The Time-Life branded magazine covers a broad sweep of history in its 96 pages, from European origins and witch hunts of today to Arthur Miller’s play, The Crucible, and modern witchcraft. Like many ideas designed to make a quick buck, this one is rife with mistakes big and small. To be fair, that’s one of the most difficult problems with telling the Salem story: for more than 300 years, this one event has been cloaked in embarrassment while physical and historical details have been lost. Not having a witch-hunt historian to oversee or edit this project results in all sorts of difficulties.

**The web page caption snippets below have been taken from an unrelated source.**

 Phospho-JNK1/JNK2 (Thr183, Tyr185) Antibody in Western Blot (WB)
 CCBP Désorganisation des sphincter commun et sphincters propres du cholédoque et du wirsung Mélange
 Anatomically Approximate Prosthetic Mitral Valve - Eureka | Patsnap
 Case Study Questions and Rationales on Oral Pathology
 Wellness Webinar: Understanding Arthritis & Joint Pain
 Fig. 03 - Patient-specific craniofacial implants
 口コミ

Let’s hit on the easy mistakes. The trials occurred in Salem, now a city, though the first accusations of witchcraft happened in Salem Village, now known as the town of Danvers. Throughout the magazine, this geographic distinction is so confused that even the House of the Seven Gables is misplaced (94).

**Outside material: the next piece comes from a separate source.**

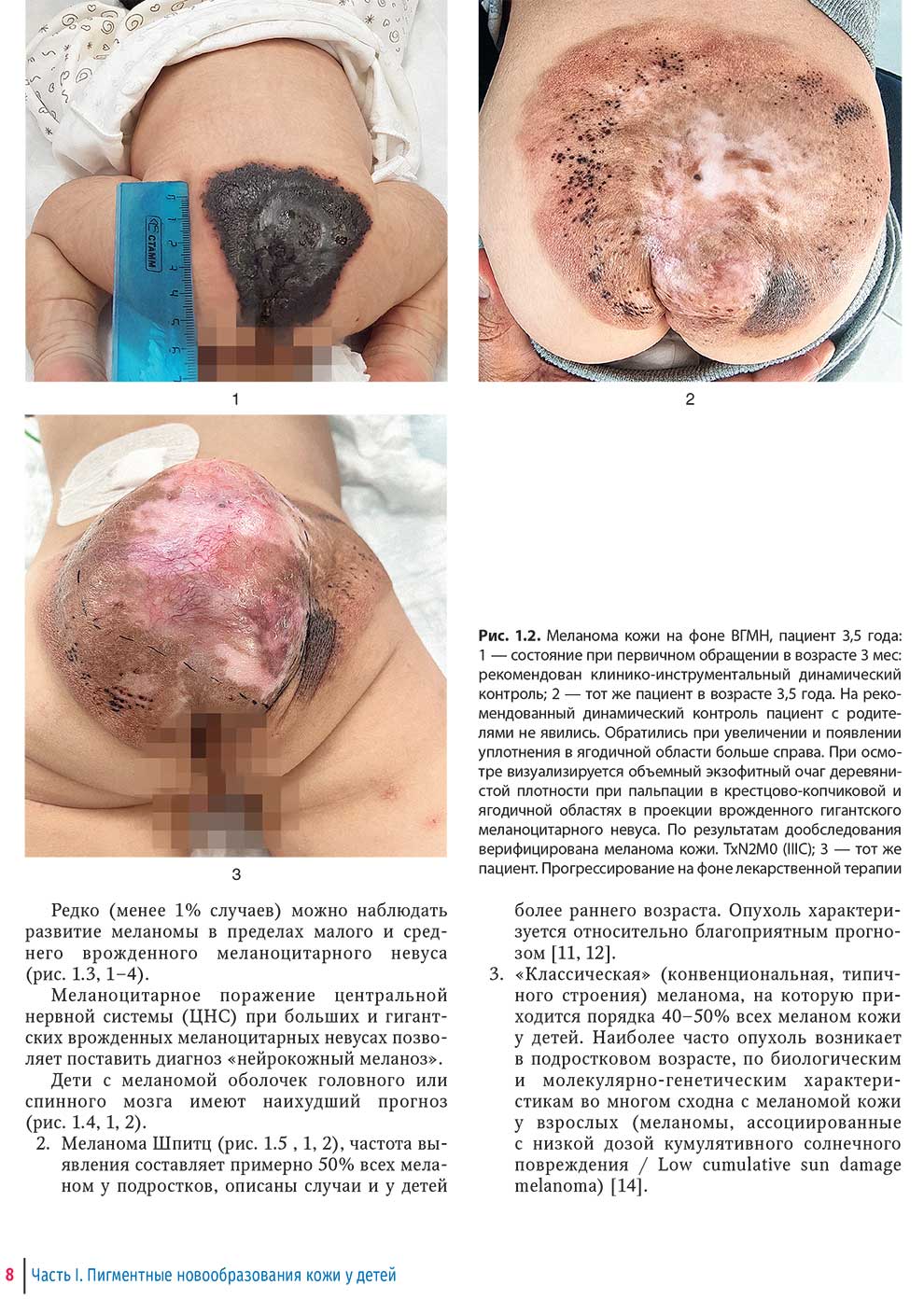 Меланома кожи на фоне ВГМН, пациент 3,5 года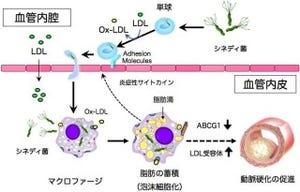 東北大など、動脈硬化症の進展を促進する病原体を発見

While the witch trials did make Salem the epicenter and focus of tourism, it’s not accurate to repeatedly say Salem has “embraced its history.” The city is known for its maritime trade, its literary scene, its unique and Far East-inspired architecture, its influence on education, and so much more, but it’s the dark shadow of the witch trials that not all the Salemites “embrace.” Of course, Salem has a plethora of witch shops and witch-related attractions, which some locals like and others hate—especially in October.

Of English traditions

In the 17th century, Massachusetts Bay Colonists were not exactly “European immigrants.” As an English colony, most people came from England. Plus, English witch hunts were much different from European ones. In Europe, witchcraft was considered heresy, which is why the Catholic Church and the pope-appointed Inquisitors rooted out witches and punished those found guilty by burning them to death. During Queen Mary Tudor’s reign, 1553-1558, English Protestants and other nonconformists who opposed her Catholic rule were charged with heresy and burned to death. However, English witchcraft accusations percolated up from the people to the courts and was a capital offense, punished by hanging (10-29).

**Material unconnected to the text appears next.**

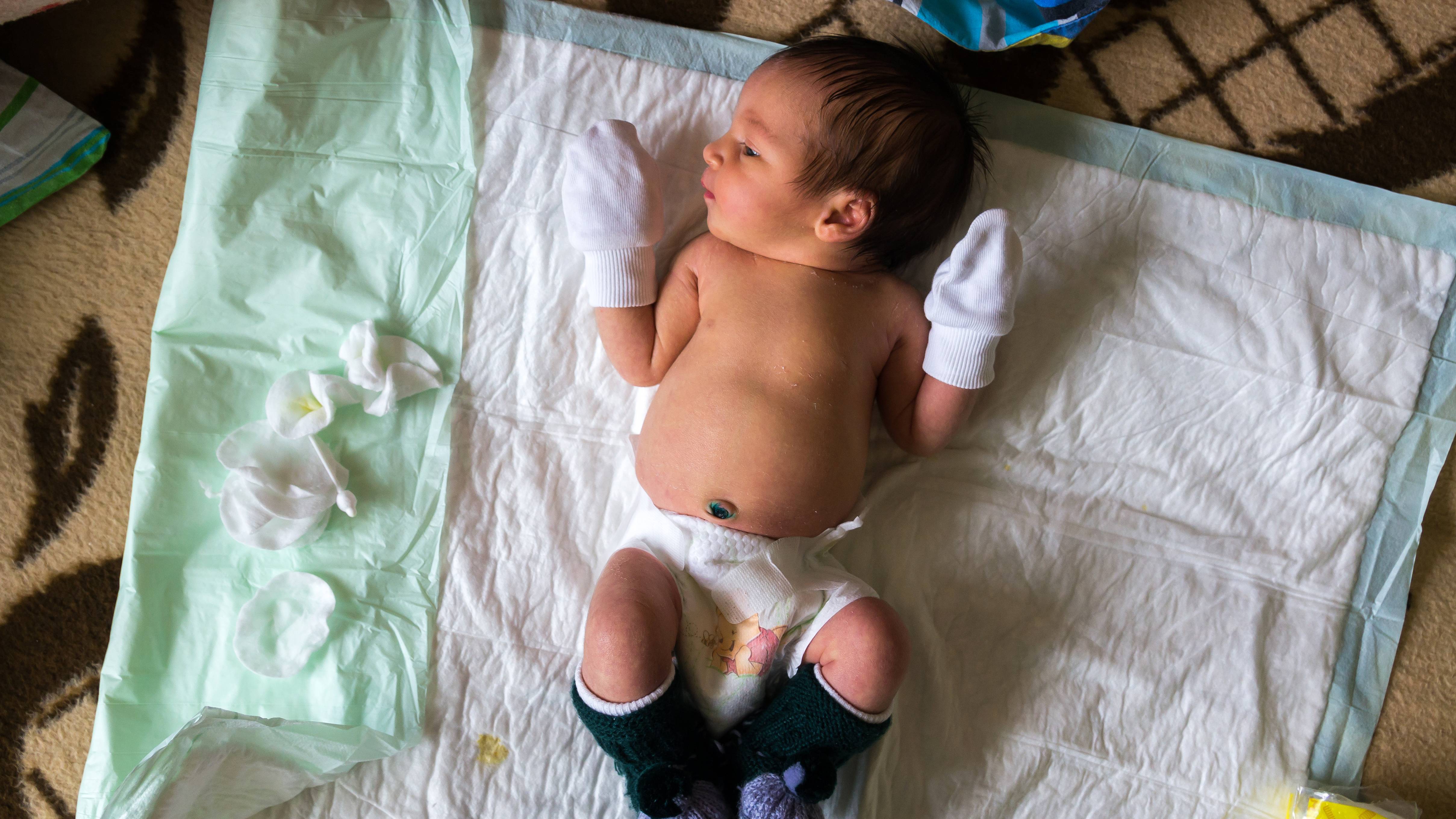 "Hăm tã bao lâu thì khỏi?" là thắc mắc thường gặp của nhiều phụ huynh có con nhỏ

Witchcraft and folk magic were very much a part of everyday life (6, 34). Puritans—from Harvard graduates and ministers to farmers, merchants, and sailors—believed in witches. Some were skeptical about the accusations, but notables like Puritan minister Cotton Mather and Judge William Stoughton believed witches were making pacts with the Devil to destroy their communities and take down their churches. Using occult magic (tarot cards, palmistry, dowsing, astrology, predicting the future, etc.) was fraternizing with the Devil to gain goods or knowledge that only God should have, while maleficent witchcraft (like cursing, casting spells, giving the evil eye) used the Devil to harm individuals, animals, crops, and cause other devastations.

Being a Puritan

All Massachusetts Bay people were required to attend church and could be punished if they did not. But only members were allowed to receive communion, baptize their children, and hold positions in the church (and in the government before the 1692 charter). Church membership required evidence of a personal conversion experience that confirmed to themselves that they were “elect” in the eyes of God, followed by the men sharing their conversion experience in front of the congregation, and a vote by members on whether they believed that person was qualified to join the ranks of members. (Women sometimes had church leaders speak for them.)

Each household was required to pay their share of the minister’s annual salary whether they were members or not, Puritan or not (9). Salem Village had three ministers within 16 years, a high turnover rate caused by village conflicts that meant members could not afford to be too picky when ministerial applicants interviewed. That’s why they accepted Samuel Parris, who never finished his Harvard education, had little ministering experience, and lacked the training to unify people. He had the upper hand, driving a hard bargain as far as his salary and demanding that the congregation ordain him as a minister (42).

Individual details

Tituba was a Native American and is referred to as an “Indian” and “servant” throughout the trial records. During the 19th century, revisionists turned her into an African American who practiced voodoo and lured young girls with stories of island life and magic. This unlikely circle of girls didn’t hang out in the Parris kitchen; they had plenty of chores to keep them occupied. Tituba most likely lived in Barbados before coming to Massachusetts, but her testimony is full of English demons and witches, not native beliefs and superstitions (38, 42, 43, 44, 57).

Tituba—and everyone else who falsely confessed to witchcraft—avoided execution not from confessing but because the trials started to wind down before they were tried (45). Judge Stoughton was ready to hang all the confessors. As the accused witches from Andover learned, people who had confessed were still in jail while some who cried innocence were dead. They may have been counting on the advantage of time to reprieve them. Tituba remained in jail because she confessed and was considered guilty. She, and everyone else who was not released on bail, stayed in prison until the general gaol (jail) delivery in spring 1693—which required them to pay their jail fees before being released (51).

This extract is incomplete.